I have a complex case where I can't get any further. The goal is to check a string via RegEx for the following conditions:
- Exactly 12 letters
- The letters W,S,I,O,B,A,R and H may only appear exactly once in the string
- The letters T and E may only occur exactly 2 times in the string.
- Important! The order must not matter
Example matches:
- WSITTOBAEERH
- HREEABOTTISW
- WSITOTBAEREH
My first attempt:
results = re.match(r"^W{1}S{1}I{1}T{2}O{1}B{1}A{1}E{2}R{1}H{1}$", word)
The problem with this first attempt is that it only matches if the order of the letters in the RegEx has been followed. That violates condition 4
My second attempt:
results = re.match(r"^[W{1}S{1}I{1}T{2}O{1}B{1}A{1}E{2}R{1}H{1}]{12}$", word)
The problem with trial two: Now the order no longer matters, but the exact number of individual letters is ignored.
I can only do the basics of RegEx so far and can't get any further here. If anyone has an idea what a regular expression looks like that fits the four rules mentioned above, I would be very grateful.

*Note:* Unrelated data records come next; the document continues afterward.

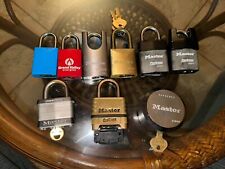 Master Lock Padlock Lot With Keys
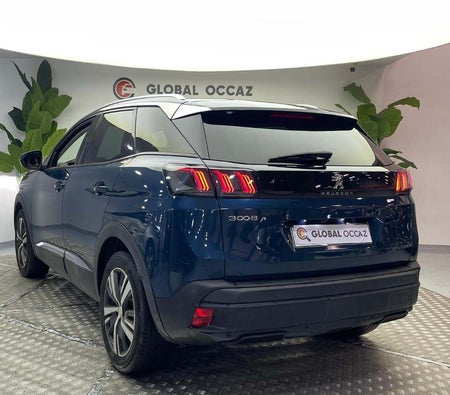 Blue Peugeot 3008 2.0 HDi Allure 2021 Blue Peugeot 3008 2.0 HDi Allure 2021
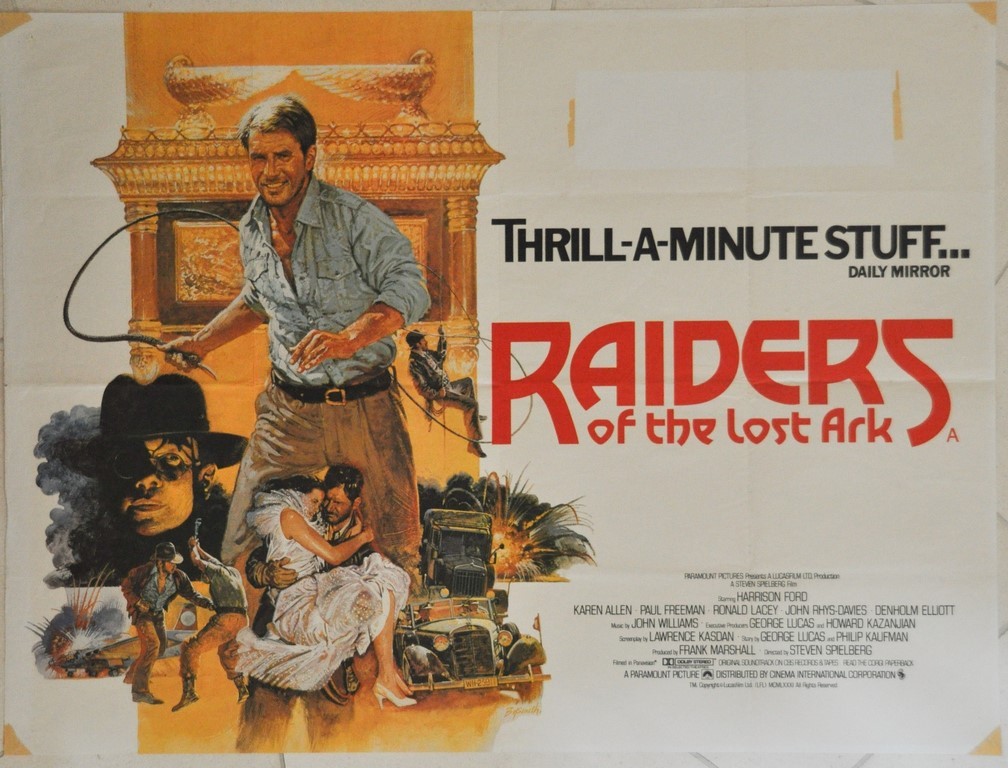 Indiana Jones and the Raiders of the Lost Ark UK Quad Poster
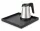 Bentley Fuji Tablett (schwarz) + Coral Wasserkocher, 0,5 l (Edelstahl) – Set
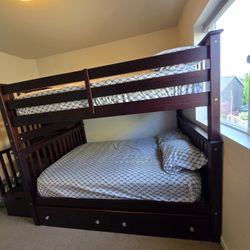 Queen Size Bunk Bed 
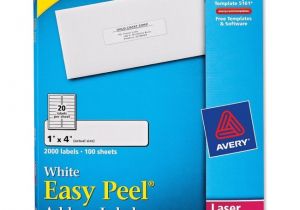 Avery 1 X 4 Label Template Printer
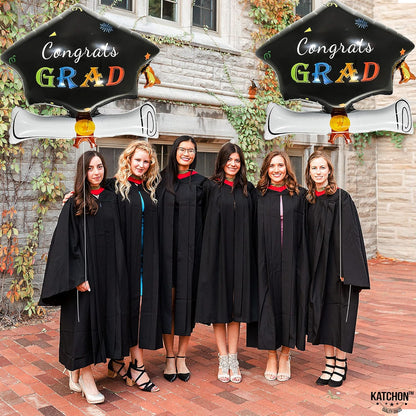 Graduation Balloons Class of 2026 - Big 24 Inch, Graduation Decorations 2026 | Graduations Cap Balloons, Graduation Hat Balloons, Graduation Party Decorations 2026 | Congrats Grad Balloons, KatchOn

CodePudding user response:
One possibility, although I still think regex is inappropriate for this. Checks that all letters appear the desired amount and that it's 12 letters total (so there's no room left for any more/other letters):
import re
for s in 'WSITTOBAEERH', 'HREEABOTTISW', 'WSITOTBAEREH':
print(re.fullmatch('(?=.*W)(?=.*S)(?=.*I)(?=.*O)'
'(?=.*B)(?=.*A)(?=.*R)(?=.*H)'
'(?=.*T.*T)(?=.*E.*E).{12}', s))
Another, checking that none other than T and E appear twice, that none appear thrice, and that we have only the desired letters, 12 total:
import re
for s in 'WSITTOBAEERH', 'HREEABOTTISW', 'WSITOTBAEREH':
print(re.fullmatch(r'(?!.*([^TE]).*\1)'
r'(?!.*(.).*\1.*\1)'
r'[WSIOBARHTE]{12}', s))
A simpler way:
for s in 'WSITTOBAEERH', 'HREEABOTTISW', 'WSITOTBAEREH':
print(sorted(s) == sorted('WSIOBARHTTEE'))